▸ Problem requirements
Output the listing word for word, minus images.

▸ Source data
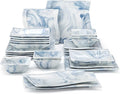 MALACASA Plates and Bowls Sets, 26 Piece Blue Dinnerware Sets by MALACASA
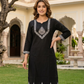 Classic Black Embroidered Kurta Pant Set for Women (M to XXL)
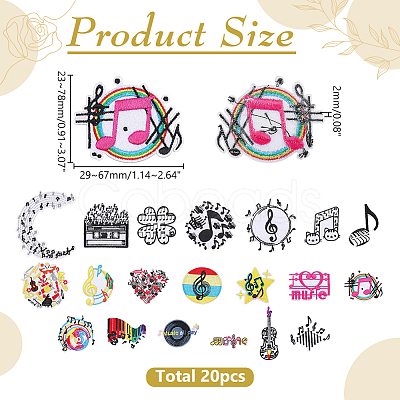 20Pcs Polyester Embroidery Sew on Ornament Accessories PATC-WH0008-256-1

▸ Written solution
 MALACASA Plates and Bowls Sets, 26 Piece Blue Dinnerware Sets by MALACASA
 Classic Black Embroidered Kurta Pant Set for Women (M to XXL)
 20Pcs Polyester Embroidery Sew on Ornament Accessories PATC-WH0008-256-1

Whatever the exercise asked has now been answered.